After Gorbachev's death, Putin wants the world to know he is the 'anti-Gorbi'

Trudy Rubin

By Trudy Rubin Philadelphia Inquirer/(TNS)

Published Sept. 8, 2022

After Gorbachev's death, Putin wants the world to know he is the 'anti-Gorbi'
In early 1990, when Mikhail Gorbachev's efforts to liberalize Soviet life were in full flower, I was on a journalistic exchange with a Russian newspaper — Moscow News — at the apex of the glasnost ("openness") campaign.

When the news broke of Gorbachev's death, my mind flashed back to the excitement of those days in 1990, and to the lost dreams of my Moscow News colleagues, who had hoped for a "normal" country. Instead, most of those journalists — who became editors, anchormen, and reporting stars in the 1990s — have now been silenced by Vladimir Putin's media crackdowns, or fled the country after his invasion of Ukraine.

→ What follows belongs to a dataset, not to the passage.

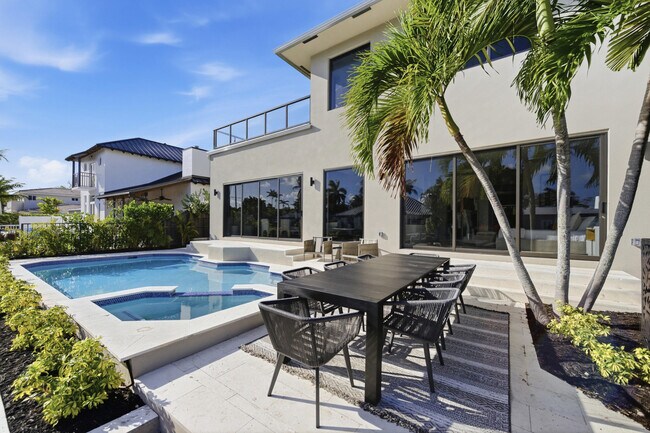 Building Photo - 1308 Avocado Isle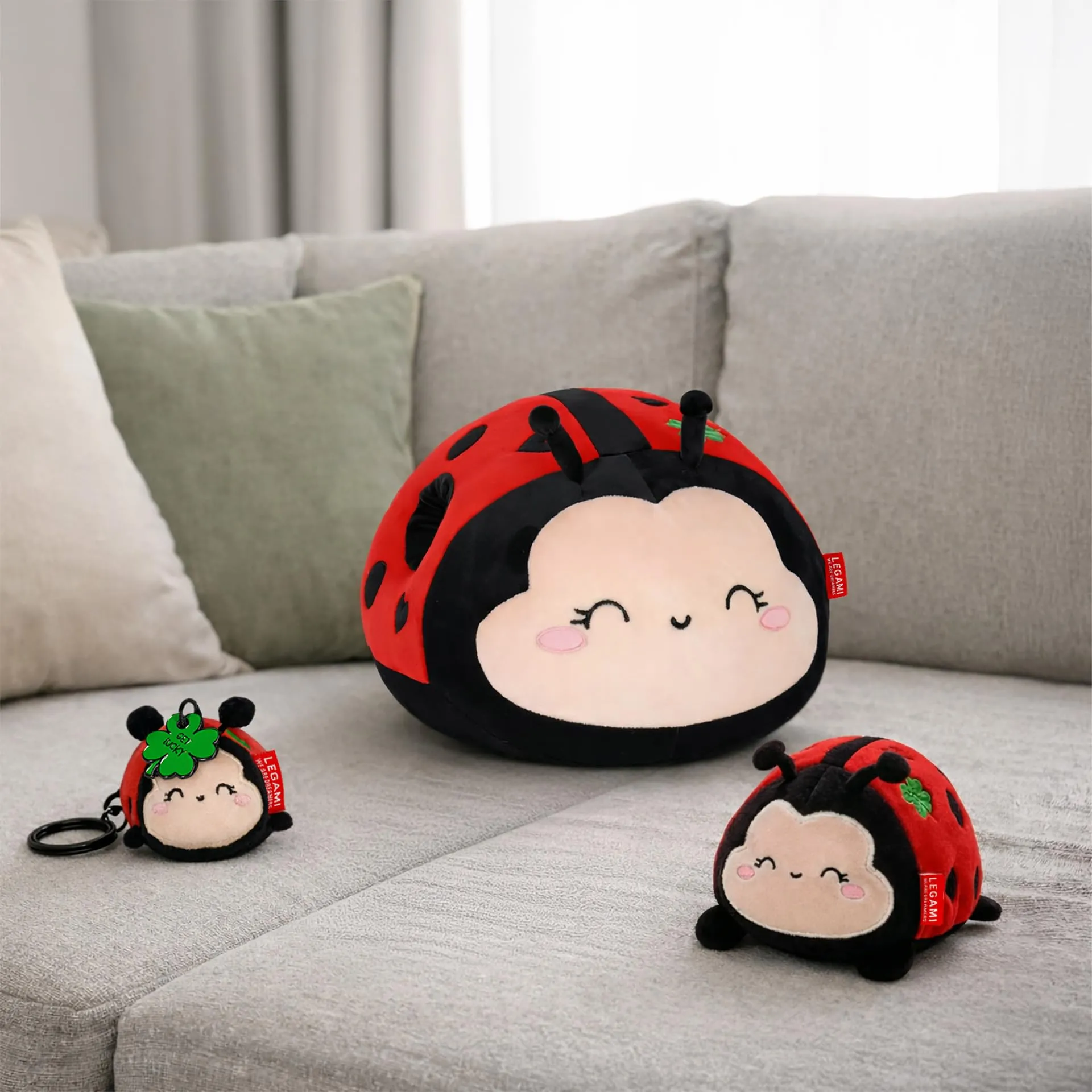 Legami Portachiavi Super Soft Ladybug, Peluche con Messaggio Inciso e Moschettone, 7x11 cm - immagine 6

Gorbachev's death and Putin's refusal to attend his funeral illuminate a frightening reality: The Russian leader wants the world to know he is the anti-Gorbi.

Not only has Putin restored repression at home, but he seeks control over the countries that were the former Soviet empire. And unlike Gorbachev, who rejected the use of force to hold the empire together, Putin is willing to invade his neighbors and use nuclear threats to intimidate them — and the world.

So rather than enumerate Gorbachev's failures, it is important to focus on his achievements — and how Putin seeks to reverse them.

Of course, one major achievement was Gorbachev's opening up of information access to the Russian people. Before glasnost, restless Russian journalists were confined to using so-called Aesopian language, ambiguous terms that hinted of criticism but were designed to avoid censorship. At every newspaper, a government KGB intelligence officer sat in a special office — at Moscow News, right next to the room I worked in — and reviewed all the copy.

But by the time I arrived at Moscow News, they had more freedom, so every issue was an adventure, trying to unmask topics that journalists had never been able to cover, from scandalous conditions in government-run maternity hospitals, to revelations about the KGB, to debates on privatizing the economy.

In 1993, Gorbachev even helped found a leading independent newspaper, Novaya Gazeta, with part of his 1990 Nobel Peace Prize money. This newspaper paid a huge prize for its independence. Since Putin became president in 2000, six of its journalists and contributors have been murdered, including top investigative reporter Anna Politkovskaya. They are among the many journalists and opposition figures killed, poisoned, or jailed under Putin.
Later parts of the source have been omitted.